The stretch from the line with "residential area. 132965547" through the line with "ein Wohnzimmer mit" in the records below: write it out exactly, and nothing else.

__________________________________________________

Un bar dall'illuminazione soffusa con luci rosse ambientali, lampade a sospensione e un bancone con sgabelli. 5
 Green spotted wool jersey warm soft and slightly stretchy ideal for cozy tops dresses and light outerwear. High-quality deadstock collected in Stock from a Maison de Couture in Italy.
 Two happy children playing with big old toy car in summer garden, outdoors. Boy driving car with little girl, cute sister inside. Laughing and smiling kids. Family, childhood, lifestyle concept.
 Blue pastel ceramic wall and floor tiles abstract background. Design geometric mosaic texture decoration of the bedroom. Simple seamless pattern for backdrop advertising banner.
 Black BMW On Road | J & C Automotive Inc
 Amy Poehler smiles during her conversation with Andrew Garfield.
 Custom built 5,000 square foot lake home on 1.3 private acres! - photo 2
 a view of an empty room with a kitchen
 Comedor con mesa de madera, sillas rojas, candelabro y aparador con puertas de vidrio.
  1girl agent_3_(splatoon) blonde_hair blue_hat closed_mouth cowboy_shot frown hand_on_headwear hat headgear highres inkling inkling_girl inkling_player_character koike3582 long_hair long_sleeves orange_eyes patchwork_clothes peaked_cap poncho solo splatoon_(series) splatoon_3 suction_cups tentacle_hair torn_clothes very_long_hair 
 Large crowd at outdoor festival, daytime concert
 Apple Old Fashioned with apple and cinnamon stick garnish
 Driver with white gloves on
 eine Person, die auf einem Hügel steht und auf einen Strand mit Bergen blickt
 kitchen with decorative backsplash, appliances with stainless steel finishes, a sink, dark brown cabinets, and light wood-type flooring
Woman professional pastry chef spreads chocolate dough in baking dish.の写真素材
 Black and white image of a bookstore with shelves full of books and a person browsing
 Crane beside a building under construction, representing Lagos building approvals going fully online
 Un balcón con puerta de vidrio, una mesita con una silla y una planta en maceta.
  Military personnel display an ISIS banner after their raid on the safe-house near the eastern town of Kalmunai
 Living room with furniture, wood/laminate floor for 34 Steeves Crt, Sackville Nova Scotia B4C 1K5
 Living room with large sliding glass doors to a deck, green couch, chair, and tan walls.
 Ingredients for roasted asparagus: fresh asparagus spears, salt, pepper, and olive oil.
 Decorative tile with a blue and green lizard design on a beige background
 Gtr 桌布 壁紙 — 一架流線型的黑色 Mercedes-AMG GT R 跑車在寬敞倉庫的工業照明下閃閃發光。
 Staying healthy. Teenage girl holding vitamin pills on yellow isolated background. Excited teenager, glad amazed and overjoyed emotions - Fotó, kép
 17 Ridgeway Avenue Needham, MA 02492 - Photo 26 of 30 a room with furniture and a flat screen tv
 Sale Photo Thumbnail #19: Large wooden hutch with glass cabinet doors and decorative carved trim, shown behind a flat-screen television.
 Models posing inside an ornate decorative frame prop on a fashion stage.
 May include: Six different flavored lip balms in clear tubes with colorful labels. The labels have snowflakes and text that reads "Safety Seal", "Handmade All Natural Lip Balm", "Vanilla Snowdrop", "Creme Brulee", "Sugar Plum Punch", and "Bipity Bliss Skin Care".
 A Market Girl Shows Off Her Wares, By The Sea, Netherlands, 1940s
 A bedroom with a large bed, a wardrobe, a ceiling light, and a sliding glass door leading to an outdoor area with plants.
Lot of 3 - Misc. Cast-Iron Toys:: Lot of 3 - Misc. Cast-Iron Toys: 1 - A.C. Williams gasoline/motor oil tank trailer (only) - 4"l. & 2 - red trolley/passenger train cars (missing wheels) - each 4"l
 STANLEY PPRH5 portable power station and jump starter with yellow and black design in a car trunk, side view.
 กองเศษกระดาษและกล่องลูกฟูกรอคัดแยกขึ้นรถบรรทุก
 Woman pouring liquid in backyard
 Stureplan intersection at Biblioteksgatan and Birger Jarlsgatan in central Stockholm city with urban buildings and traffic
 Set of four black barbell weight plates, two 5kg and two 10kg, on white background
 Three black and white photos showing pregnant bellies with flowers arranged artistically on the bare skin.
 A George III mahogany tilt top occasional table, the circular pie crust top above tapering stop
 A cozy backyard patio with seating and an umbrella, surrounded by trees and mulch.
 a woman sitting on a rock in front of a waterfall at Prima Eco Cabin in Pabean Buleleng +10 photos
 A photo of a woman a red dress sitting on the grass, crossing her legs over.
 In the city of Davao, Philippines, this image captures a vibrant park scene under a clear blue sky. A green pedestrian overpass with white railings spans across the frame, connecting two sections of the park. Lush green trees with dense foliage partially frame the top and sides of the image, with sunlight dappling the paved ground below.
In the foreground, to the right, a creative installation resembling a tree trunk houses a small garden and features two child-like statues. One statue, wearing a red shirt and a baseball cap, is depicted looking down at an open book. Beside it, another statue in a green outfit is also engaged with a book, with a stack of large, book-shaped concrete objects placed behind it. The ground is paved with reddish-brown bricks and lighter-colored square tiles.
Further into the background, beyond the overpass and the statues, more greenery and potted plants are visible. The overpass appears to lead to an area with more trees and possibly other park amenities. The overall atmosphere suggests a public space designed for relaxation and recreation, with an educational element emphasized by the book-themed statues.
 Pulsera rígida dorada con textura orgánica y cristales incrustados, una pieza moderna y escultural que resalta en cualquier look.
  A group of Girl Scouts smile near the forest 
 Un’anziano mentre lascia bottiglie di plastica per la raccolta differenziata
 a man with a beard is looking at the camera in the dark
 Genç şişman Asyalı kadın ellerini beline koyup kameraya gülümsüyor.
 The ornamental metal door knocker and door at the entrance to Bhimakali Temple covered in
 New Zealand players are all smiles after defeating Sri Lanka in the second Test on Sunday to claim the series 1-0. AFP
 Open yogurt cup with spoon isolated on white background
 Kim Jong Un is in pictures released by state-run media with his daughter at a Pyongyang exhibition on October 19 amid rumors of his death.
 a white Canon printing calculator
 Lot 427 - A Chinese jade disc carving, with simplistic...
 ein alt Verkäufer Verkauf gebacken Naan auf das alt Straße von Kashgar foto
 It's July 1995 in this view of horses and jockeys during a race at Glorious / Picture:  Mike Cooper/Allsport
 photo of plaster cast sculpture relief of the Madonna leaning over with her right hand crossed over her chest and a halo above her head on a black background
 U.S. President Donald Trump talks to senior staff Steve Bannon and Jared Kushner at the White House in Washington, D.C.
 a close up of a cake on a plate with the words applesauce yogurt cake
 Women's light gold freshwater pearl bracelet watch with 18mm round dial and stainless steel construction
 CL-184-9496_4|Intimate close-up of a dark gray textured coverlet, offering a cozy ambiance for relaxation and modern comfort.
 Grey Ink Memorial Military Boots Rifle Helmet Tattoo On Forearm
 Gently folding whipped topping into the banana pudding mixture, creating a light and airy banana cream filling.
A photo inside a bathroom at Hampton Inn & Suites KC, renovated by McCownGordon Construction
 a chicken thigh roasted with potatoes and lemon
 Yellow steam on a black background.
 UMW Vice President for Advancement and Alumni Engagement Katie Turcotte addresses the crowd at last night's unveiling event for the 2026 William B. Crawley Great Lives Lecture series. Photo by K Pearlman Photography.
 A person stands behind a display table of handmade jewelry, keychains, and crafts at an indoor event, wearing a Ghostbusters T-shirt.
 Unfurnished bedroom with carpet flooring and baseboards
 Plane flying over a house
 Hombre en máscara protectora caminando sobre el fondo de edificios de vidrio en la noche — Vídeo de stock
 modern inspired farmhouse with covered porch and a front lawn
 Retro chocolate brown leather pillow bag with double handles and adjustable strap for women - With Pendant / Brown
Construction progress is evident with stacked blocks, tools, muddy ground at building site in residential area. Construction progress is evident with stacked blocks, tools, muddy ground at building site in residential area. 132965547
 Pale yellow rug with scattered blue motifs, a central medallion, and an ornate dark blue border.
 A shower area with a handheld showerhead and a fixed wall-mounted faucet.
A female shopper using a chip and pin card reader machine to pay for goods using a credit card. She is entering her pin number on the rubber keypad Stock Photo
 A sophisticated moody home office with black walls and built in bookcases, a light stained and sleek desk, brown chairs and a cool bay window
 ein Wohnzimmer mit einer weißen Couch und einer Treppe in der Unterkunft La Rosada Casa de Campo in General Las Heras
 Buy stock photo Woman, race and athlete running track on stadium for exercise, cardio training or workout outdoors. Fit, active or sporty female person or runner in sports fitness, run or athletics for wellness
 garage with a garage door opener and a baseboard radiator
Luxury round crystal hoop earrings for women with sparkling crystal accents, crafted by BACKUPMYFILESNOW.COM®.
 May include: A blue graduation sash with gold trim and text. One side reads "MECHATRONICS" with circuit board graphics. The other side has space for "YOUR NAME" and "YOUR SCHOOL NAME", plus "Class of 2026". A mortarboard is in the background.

__________________________________________________

> Answer
Construction progress is evident with stacked blocks, tools, muddy ground at building site in residential area. Construction progress is evident with stacked blocks, tools, muddy ground at building site in residential area. 132965547
 Pale yellow rug with scattered blue motifs, a central medallion, and an ornate dark blue border.
 A shower area with a handheld showerhead and a fixed wall-mounted faucet.
A female shopper using a chip and pin card reader machine to pay for goods using a credit card. She is entering her pin number on the rubber keypad Stock Photo
 A sophisticated moody home office with black walls and built in bookcases, a light stained and sleek desk, brown chairs and a cool bay window
 ein Wohnzimmer mit einer weißen Couch und einer Treppe in der Unterkunft La Rosada Casa de Campo in General Las Heras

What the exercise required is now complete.